Names we have heard discussed include former senator Tom Coburn of Oklahoma, former Texas governor Rick Perry (who would almost certainly win his home state, thereby removing any hope Trump could be elected), retired Gen. Ray Odierno (who last year challenged Trump’s pronouncements on Iraq), and Sen. Ben Sasse of Nebraska. (And yes, Mitt Romney would have a big leg up insofar as he has built-in name ID, a donor network and the credibility that comes with warning the country repeatedly about Trump and, before that, President Obama’s flawed foreign policy.)

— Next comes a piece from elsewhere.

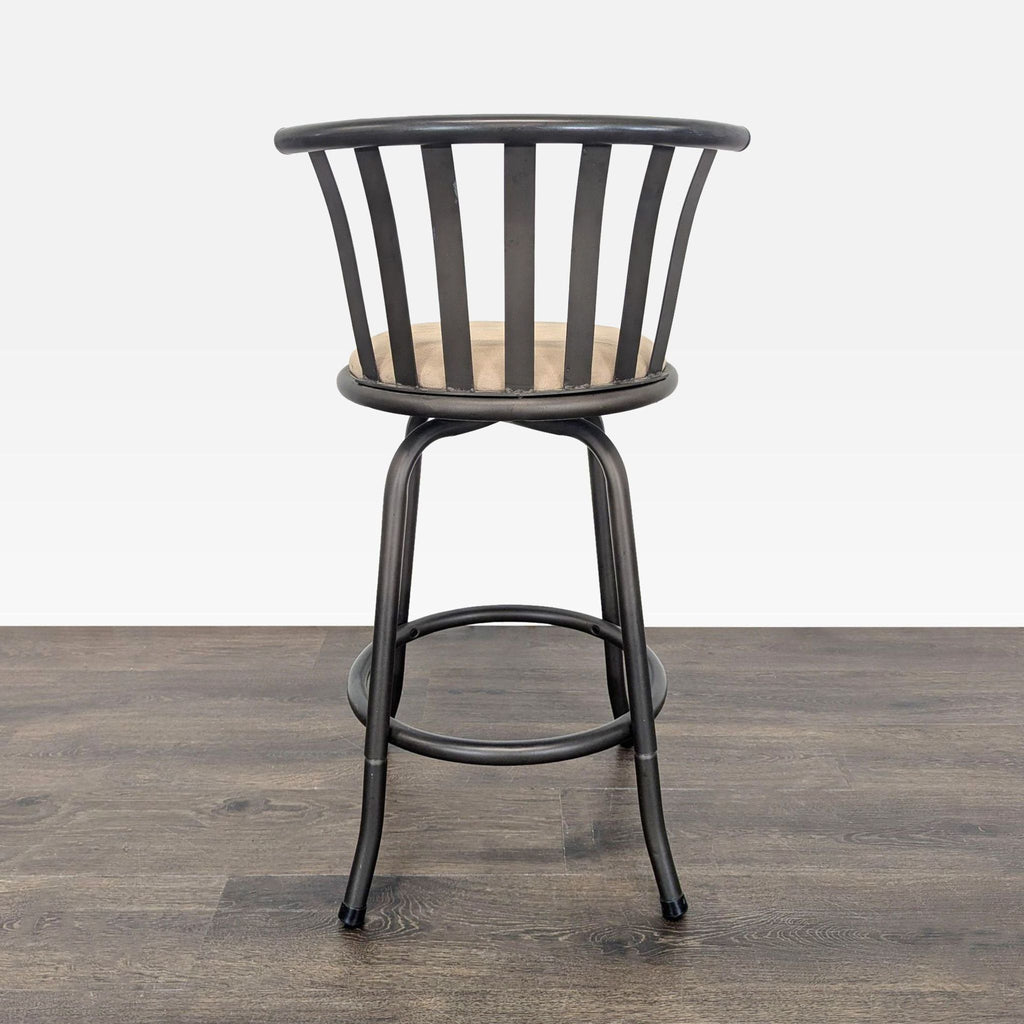 Metal Frame Swivel Counter Stool with Upholstered Seat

Sasse, interestingly, put out a long string of tweets and a Facebook post in the form of an open letter late Wednesday night musing on the need for a third party and suggesting a platform based on a few key issues: national security; “honest budgeting/entitlements to stop stealing from our kids”; “empower states to improve K-12, & let DC focus on programmatic reform for age of lifelong learning/job retraining”; and ending the revolving door and special perks for politicians. His summation sure sounded like the beginning of something. “[People in his local Walmart] deserve better. They deserve a Congress that tackles the biggest policy problems facing the nation. And they deserve a president who knows that his or her job is not to ‘reign,’ but to serve as commander-in-chief and to ‘faithfully execute’ the laws — not to claim imperial powers to rewrite them with his pen and phone.” A spokesman for Sasse pointedly did not rule out a run, emailing Right Turn: “Senator Sasse has been clear when asked before: he has three little kids and the only callings he wants — raising them and serving Nebraskans.” In fact, that doesn’t come close to a “No.”

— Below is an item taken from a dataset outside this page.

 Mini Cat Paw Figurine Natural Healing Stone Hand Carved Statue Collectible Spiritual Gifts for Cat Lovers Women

But is there a pathway to winning? Here’s where it gets interesting. Hillary Clinton and Donald Trump are two of the most unlikable, flawed candidates in moderate presidential political history. With an optimistic, down-to-earth candidate with some crossover appeal, a third candidate could well pick off states including Arizona, Utah and Texas from Trump and challenge Clinton in states like Ohio, Colorado, Iowa and Nevada that she needs to get to 270. Let’s also remember that Libertarian candidate Gary Johnson may be in the race, further dividing the vote. At some point, one sees that we might realistically have a situation in which no one gets to 270 electoral votes. (By then, Clinton’s and Trump’s unfavorables would be astronomically high.) The House of Representatives then decides the presidency, and the Senate picks the vice president.

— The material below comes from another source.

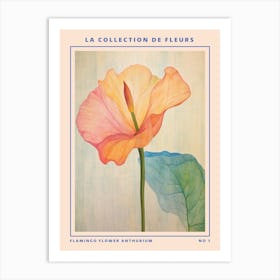 Flamingo Flower Anthurium French Flower Botanical Poster Art Print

To be certain, this is complicated, but after getting past the ballot issues, one can imagine that if an independent is going to make headway, this is the year to do it. Throw in the fact that Trump has little or no viable fundraising network and one can imagine a third candidate (especially one who made an appeal to go beyond partisan loyalty and focused on some big-picture issues) being very financially competitive, sweeping up the donors who won’t lift a finger to fund Trump.